The ELITE trial is a prospective randomized controlled trial (RCT) to compare competent EARLY-intubation to LATE-intubation in patients with on-scene Glasgow Coma Scale (GCS) \< 9 and short ambulance transport times (\< 20 min) to hospital. The study aims to establish if advanced airway management with endotracheal intubation (ETI) in the field by specially trained Emergency Medical Services (EMS) physicians - compared to endotracheal intubation (ETI) performed by physicians in the emergency department in the same group - improves outcome in terms of 30-day mortality, degree of disability at discharge, complications and length of hospital stay, and neurologic outcome at 6 months.
Study Type
INTERVENTIONAL
Allocation
RANDOMIZED
Purpose
TREATMENT
Masking
NONE
Haukeland University Hospital
Bergen, Norway
Norwegian Air Ambulance Foundation
Drøbak, Norway
30 days mortality after injury or illness.
Dead or alive
Time frame: 30 days after illness or injury
Neurologic outcome at 6 months after injury or illness.

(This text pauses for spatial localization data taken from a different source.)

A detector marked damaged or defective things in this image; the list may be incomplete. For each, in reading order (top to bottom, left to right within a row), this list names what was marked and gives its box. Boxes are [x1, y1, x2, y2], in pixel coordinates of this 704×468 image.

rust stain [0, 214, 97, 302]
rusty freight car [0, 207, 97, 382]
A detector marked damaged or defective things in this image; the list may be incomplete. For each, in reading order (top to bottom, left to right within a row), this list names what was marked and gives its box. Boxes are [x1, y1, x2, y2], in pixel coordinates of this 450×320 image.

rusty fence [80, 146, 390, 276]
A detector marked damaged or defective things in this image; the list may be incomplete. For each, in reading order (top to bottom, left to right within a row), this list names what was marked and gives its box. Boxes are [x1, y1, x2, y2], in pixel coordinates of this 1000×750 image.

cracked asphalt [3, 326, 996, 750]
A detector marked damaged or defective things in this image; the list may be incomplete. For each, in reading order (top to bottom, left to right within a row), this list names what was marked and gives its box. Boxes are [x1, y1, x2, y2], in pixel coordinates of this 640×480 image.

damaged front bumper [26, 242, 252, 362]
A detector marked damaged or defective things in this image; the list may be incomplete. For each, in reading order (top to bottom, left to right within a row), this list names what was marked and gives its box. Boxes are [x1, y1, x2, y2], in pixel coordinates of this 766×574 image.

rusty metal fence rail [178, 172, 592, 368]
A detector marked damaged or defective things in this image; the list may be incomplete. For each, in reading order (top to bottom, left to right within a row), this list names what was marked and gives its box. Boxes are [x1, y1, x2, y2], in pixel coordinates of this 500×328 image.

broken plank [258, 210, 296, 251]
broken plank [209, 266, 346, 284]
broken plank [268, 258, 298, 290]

Neurologic outcome will be assessed using glascow outcome scores (GOS-E)
Time frame: 6 months after illness or injury
Intubation success rates and airway management complications for the entire cohort and for key subsets
Time frame: up to 6 months after illness or injury
Length of hospital stay, complications and degree of disability at discharge.
Time frame: up to 6 months after illness or injury
Prevalence of adverse effects like cardiovascular complications (e.g. bradycardia, hypotension, asystole), and respiratory complications (e.g. hypoxia, pneumothorax).